Magda zaimponowała mi tym, że nie chciała moich podpowiedzi, tylko ona sama – mówił.
Internauci spekulują odnośnie wybranki Marcina
Fani „Rolnika” aktywnie komentują internetowe posty, dotyczące programu. Wszystko wskazuje na to, że mają już nawet wybraną faworytkę, jeśli o „żonę” dla Marcina chodzi. Ich serca zdecydowanie skradła Ania – 35-letnia mieszkanka Warszawy, która ceni sobie spokój, przyrodę i wieczory z książką.
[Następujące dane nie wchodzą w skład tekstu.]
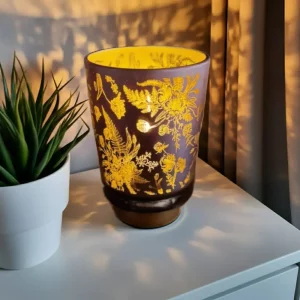 Purple floral LED candle lamp
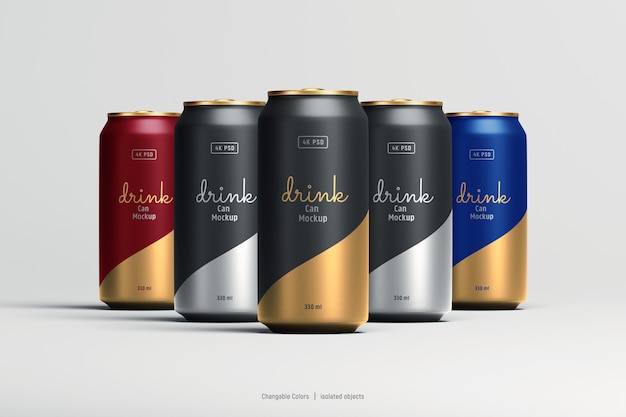 Frisdrank of bierblikjes mockup vooraanzicht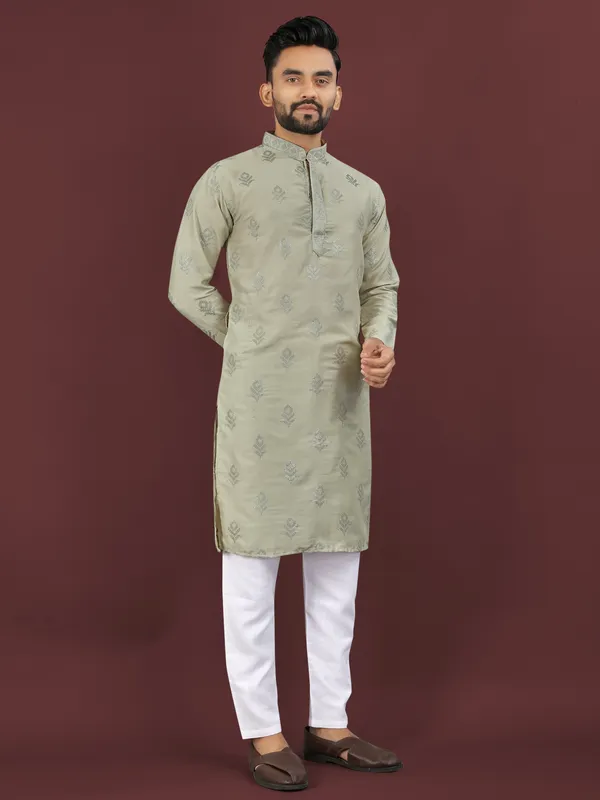 Grey_Polyester_Printed_Kurta_For_Men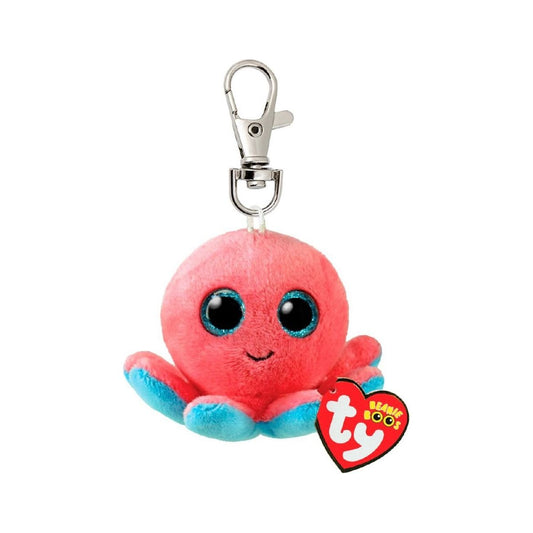 Ty Beanie Boos Sheldon Coral Octopus Clip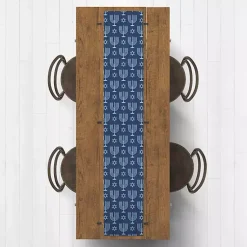 Double Blue Menorah Table Runner, 90 in. Hanukkah Decorations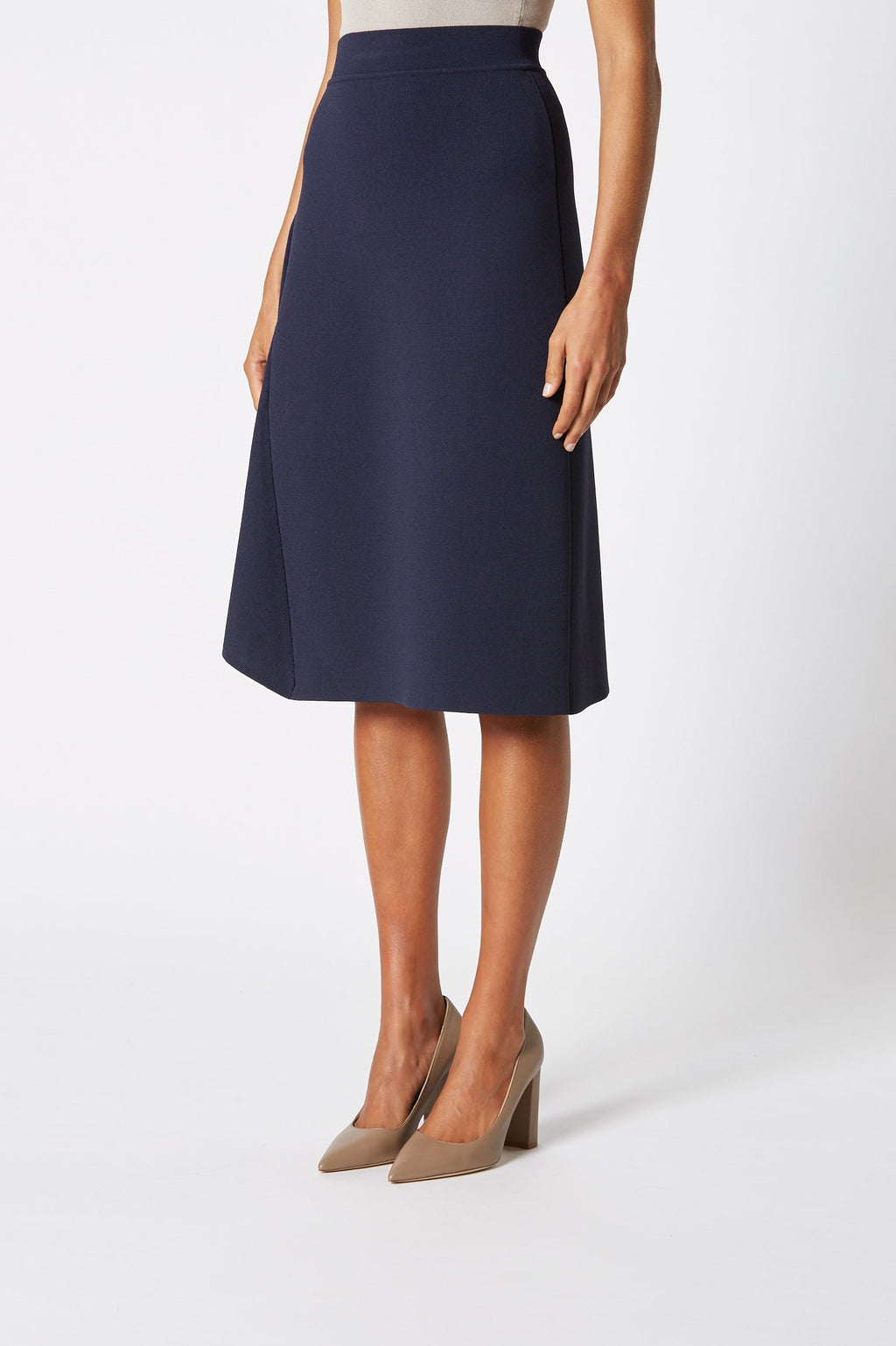 CREPE KNIT PANEL SKIRT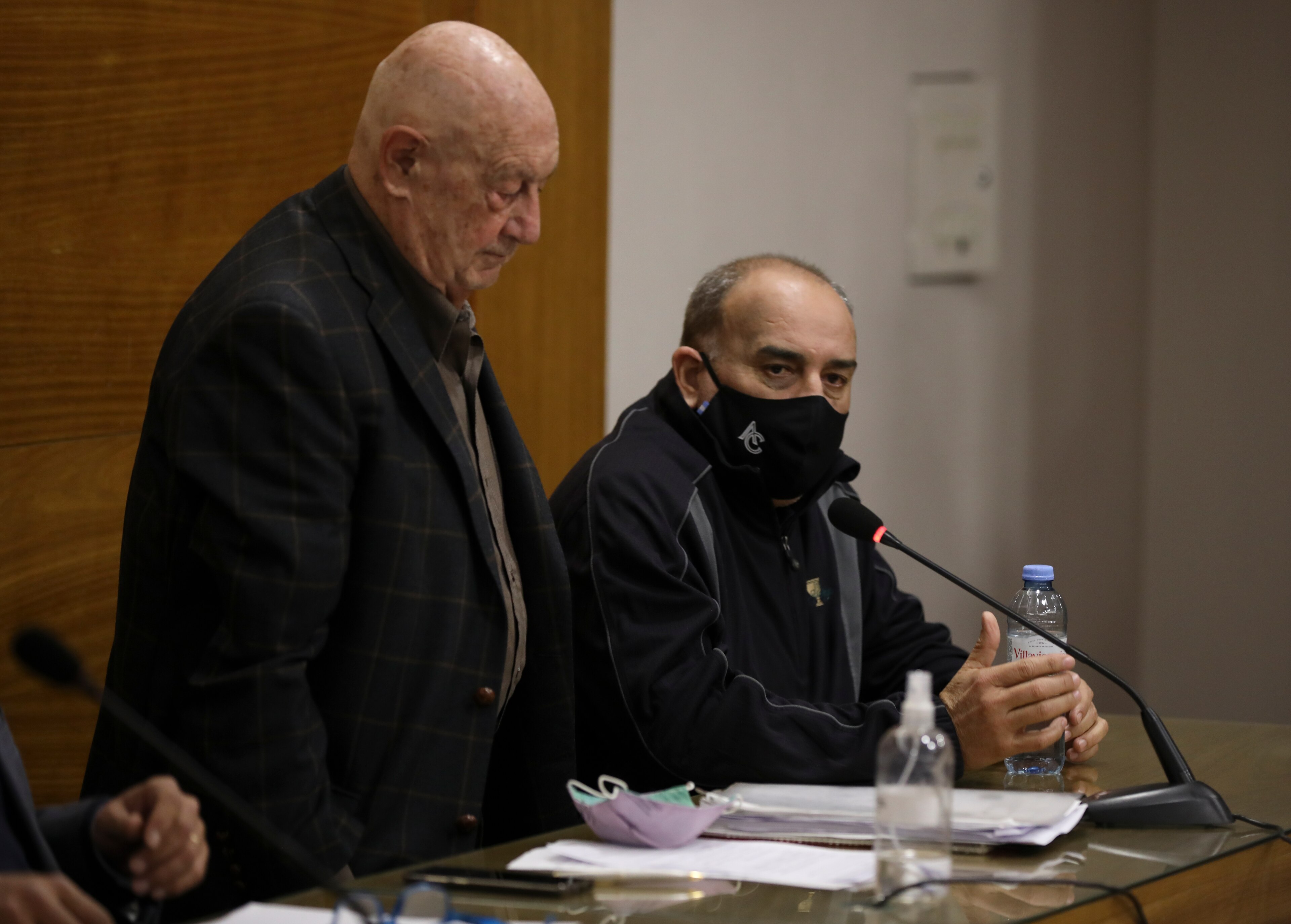 Argentine golfer Angel Cabrera, right, charged with assaulting three former partners, attends his trial defended by lawyer Carlos Hairabedian, in Cordoba, Argentina, Wednesday, July 7, 2021. Cabrera, who has won both the Masters and the U.S. Open, spent months on the run from the case involving assault claims filed by his former girlfriend Cecilia Torres Mana, his former wife Silva Rivadero and former partner Micaela Escudero. (AP Photo/Nicolas Aguilera) Argentine golfer Angel Cabrera, right, charged with assaulting three former partners, attends his trial defended by lawyer Carlos Hairabedian, in Cordoba, Argentina, Wednesday, July 7, 2021. Cabrera, who has won both the Masters and the U.S. Open, spent months on the run from the case involving assault claims filed by his former girlfriend Cecilia Torres Mana, his former wife Silva Rivadero and former partner Micaela Escudero. (AP Photo/Nicolas Aguilera)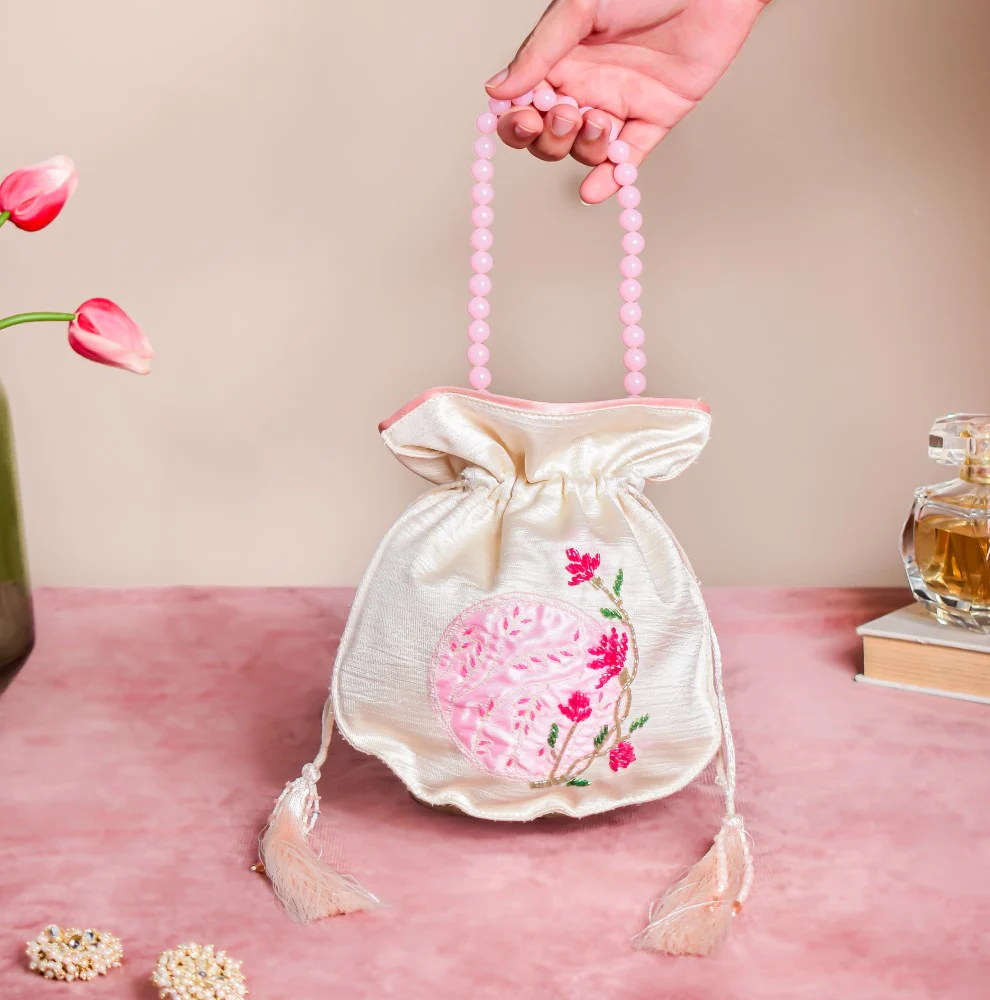 Seher Floral Potli Bag Off White - Image 3
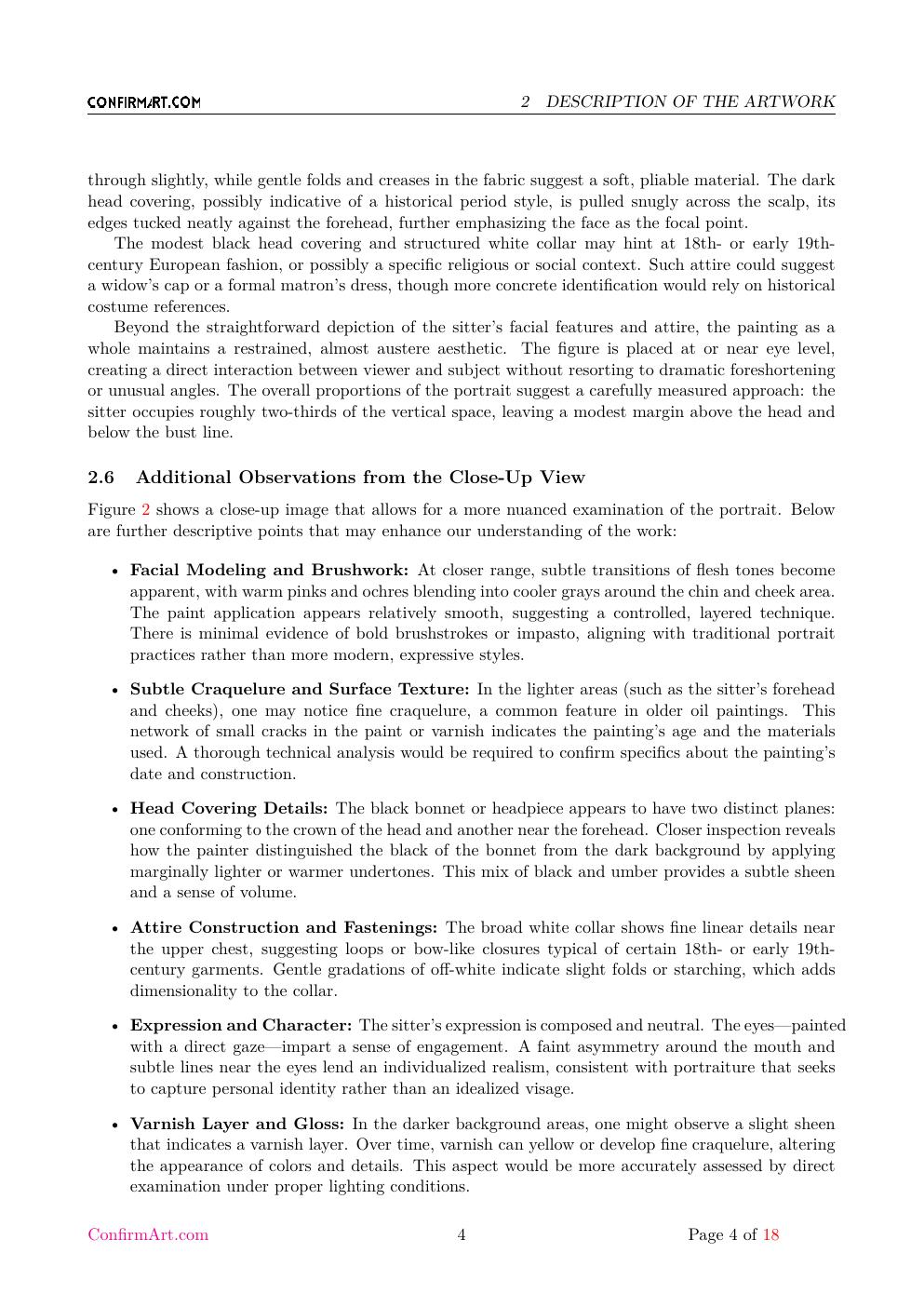 Portrait of a Woman report sample page 4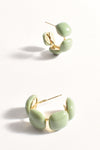 Mini Resin Metal Hoops- Sage Gold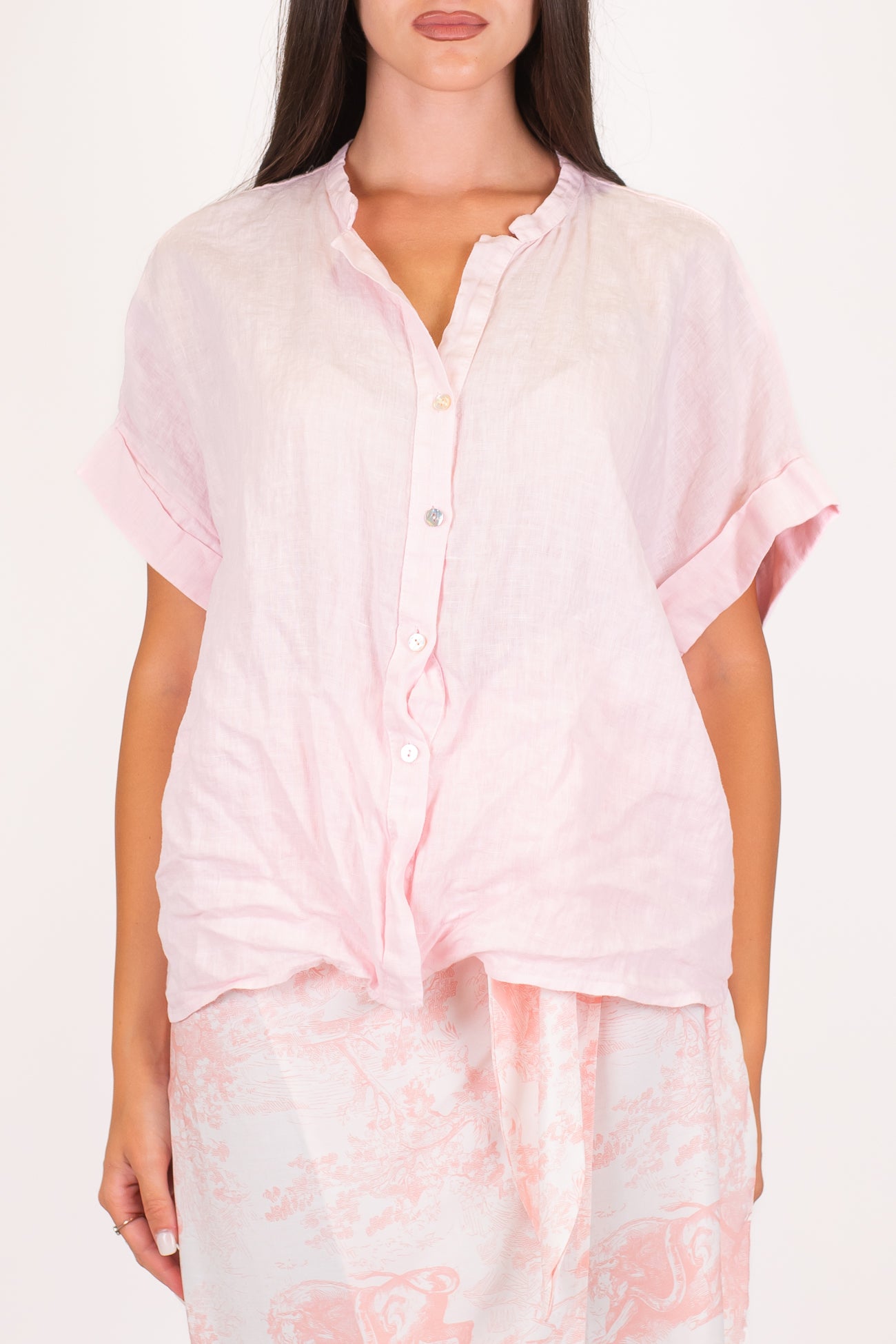 Motel - Camicia mezza manica in puro lino
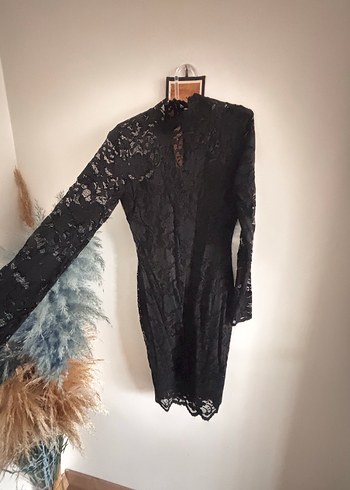 Siyah Dantel şık kalem  Elbise - Görsel 3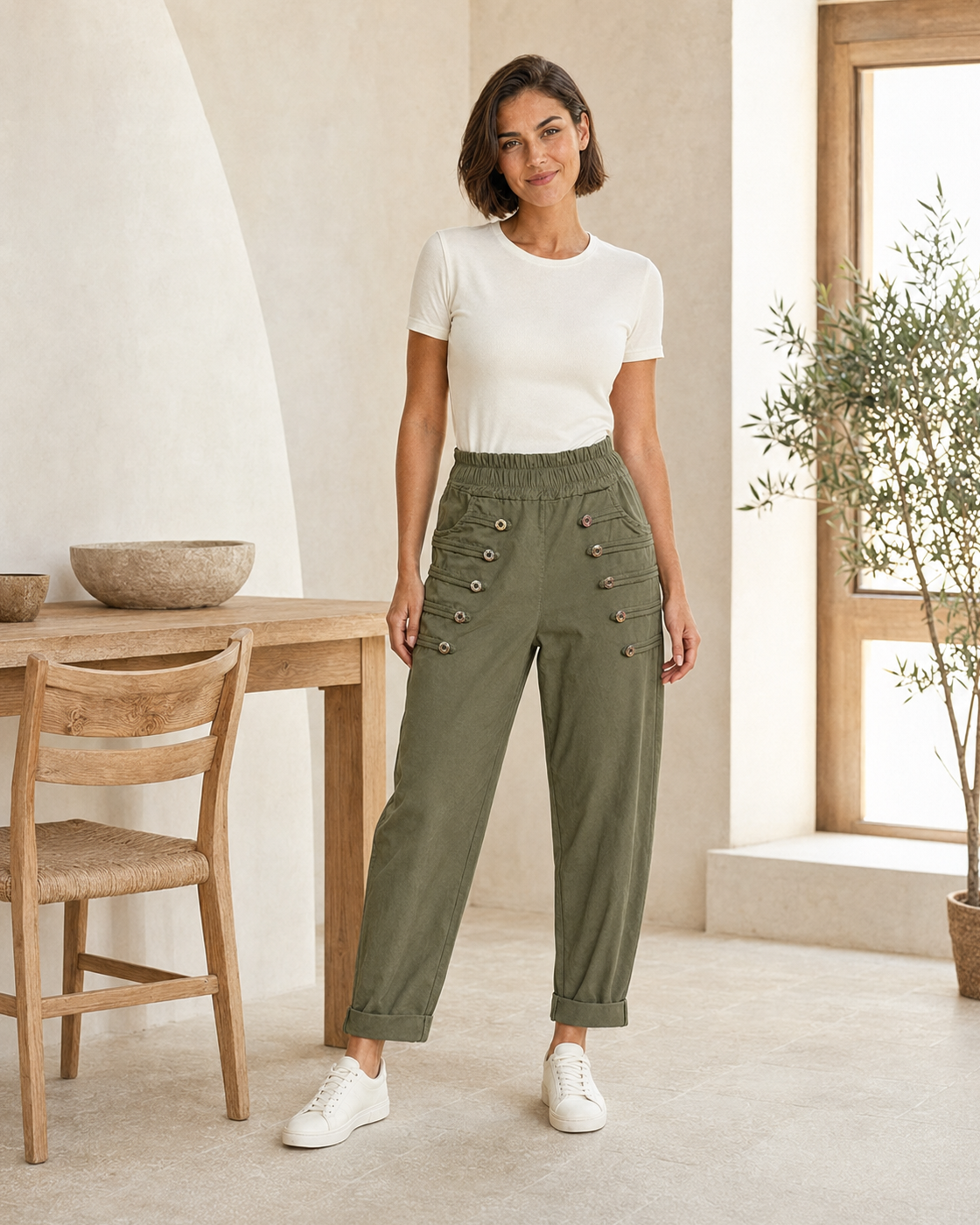 PANTALÓN BOTONES A-KHAKI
W komentarzach mogliśmy przeczytać: „Ładnie razem wyglądają”, „Oni najbardziej do siebie pasują”, „Ale mi pasują”, „Dojrzała i traktująca życie poważnie, super dziewczyna”, „Super kobieta, bardzo pozytywna energia od niej płynie”, „Idealna partnerka dla niego”, „Tu jest spasowanie na 100%”, „Super do siebie pasują”.
Widzom zdecydowanie najmniej do gustu przypadła 34-letnia Roksana, która pracuje w branży kosmetycznej: „Roksana, przykład w 100% jak nie zdobywać faceta”, „Roksana kończy przygodę w następnym tygodniu”, „Roksana irytuje mnie”.